[Opening Data section]
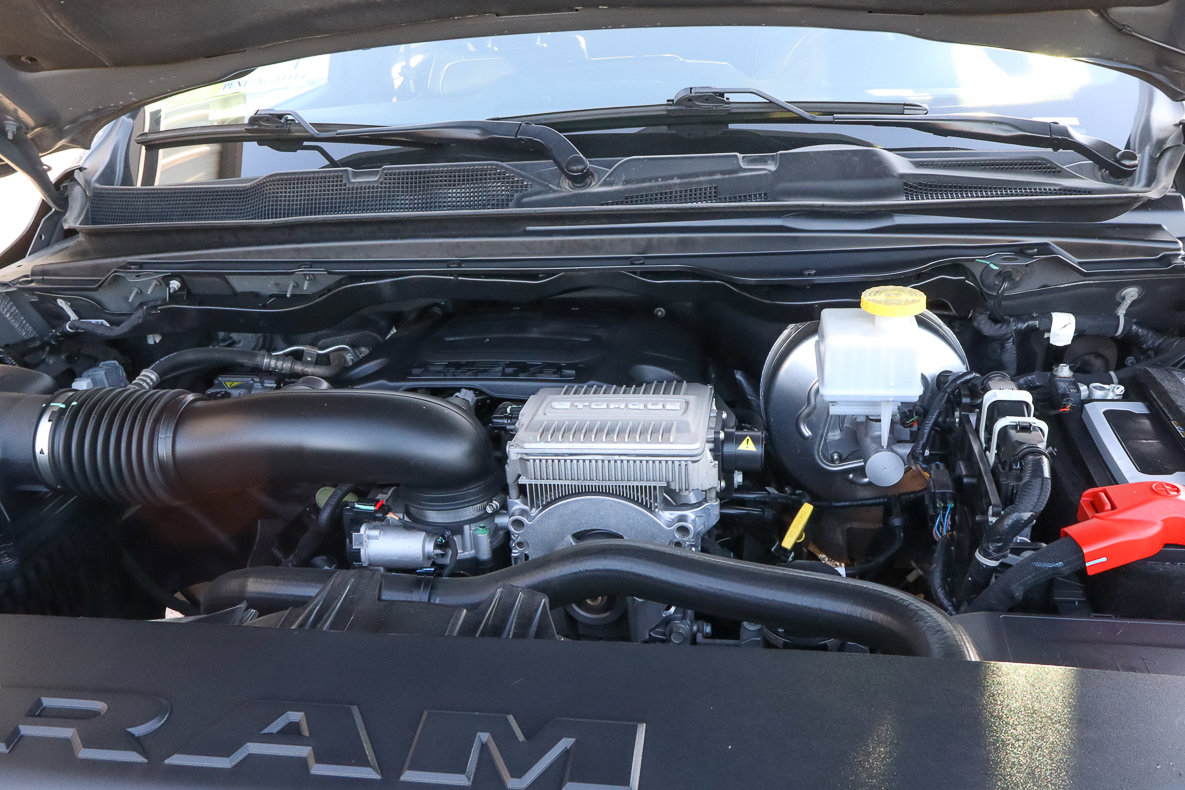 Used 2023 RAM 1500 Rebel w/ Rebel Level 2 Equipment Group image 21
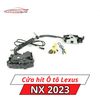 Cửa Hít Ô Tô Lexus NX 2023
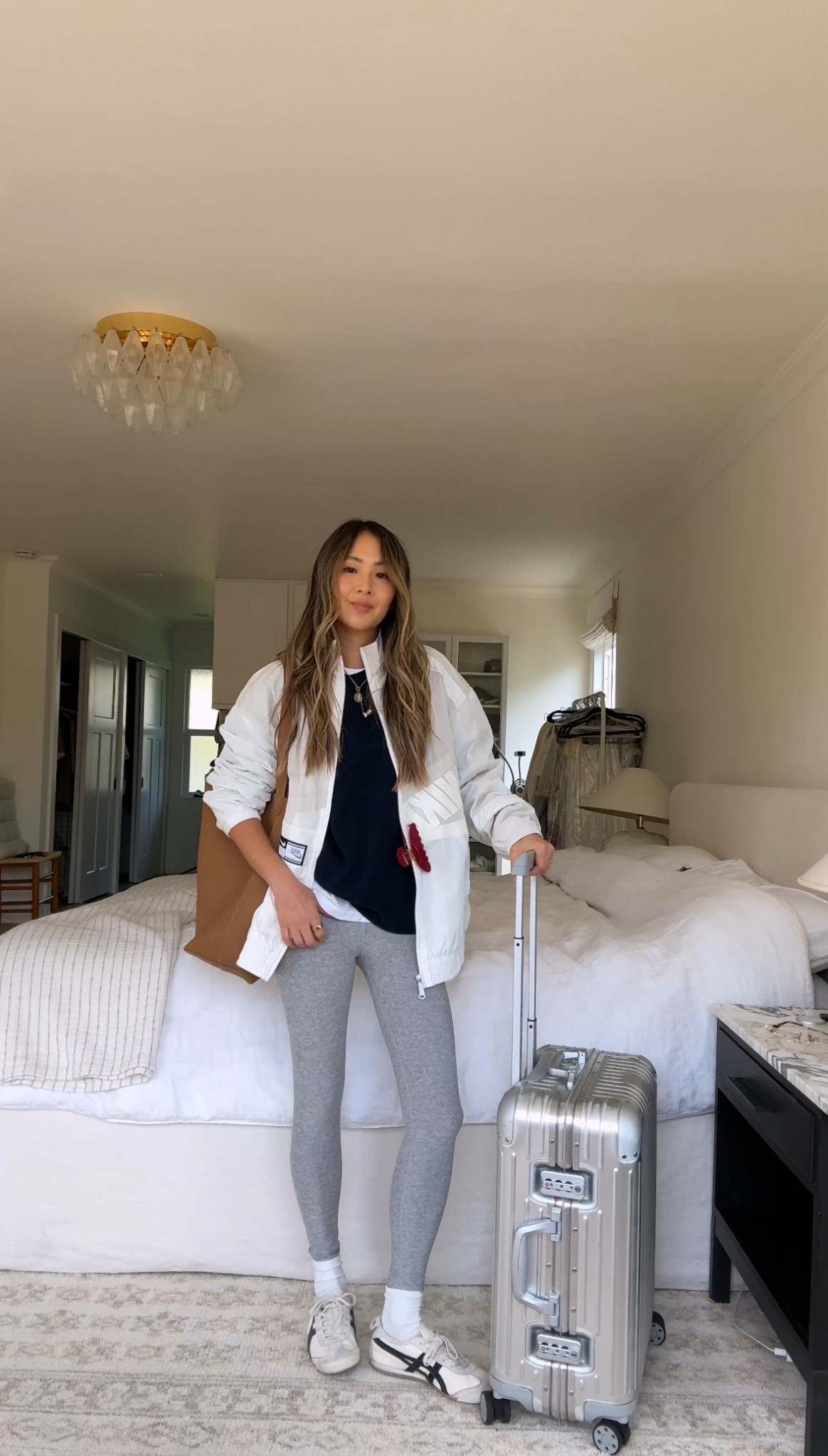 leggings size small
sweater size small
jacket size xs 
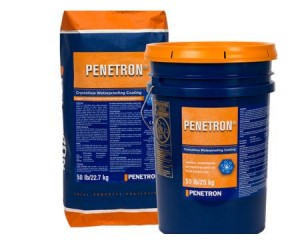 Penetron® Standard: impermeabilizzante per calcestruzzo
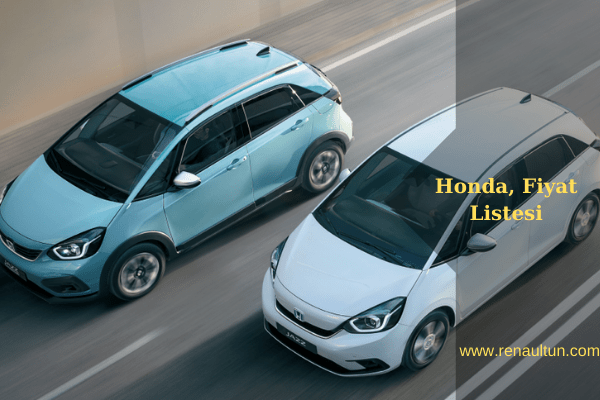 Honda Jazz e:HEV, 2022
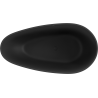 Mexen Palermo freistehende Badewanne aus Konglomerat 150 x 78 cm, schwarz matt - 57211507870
[Closing Data section]
**Exercise prompt:**
Output a verbatim copy of all entries above; no pictures go in it.

**Result of this exercise:**
 Used 2023 RAM 1500 Rebel w/ Rebel Level 2 Equipment Group image 21
 Cửa Hít Ô Tô Lexus NX 2023
 leggings size small
sweater size small
jacket size xs 
 Penetron® Standard: impermeabilizzante per calcestruzzo
 Honda Jazz e:HEV, 2022
 Mexen Palermo freistehende Badewanne aus Konglomerat 150 x 78 cm, schwarz matt - 57211507870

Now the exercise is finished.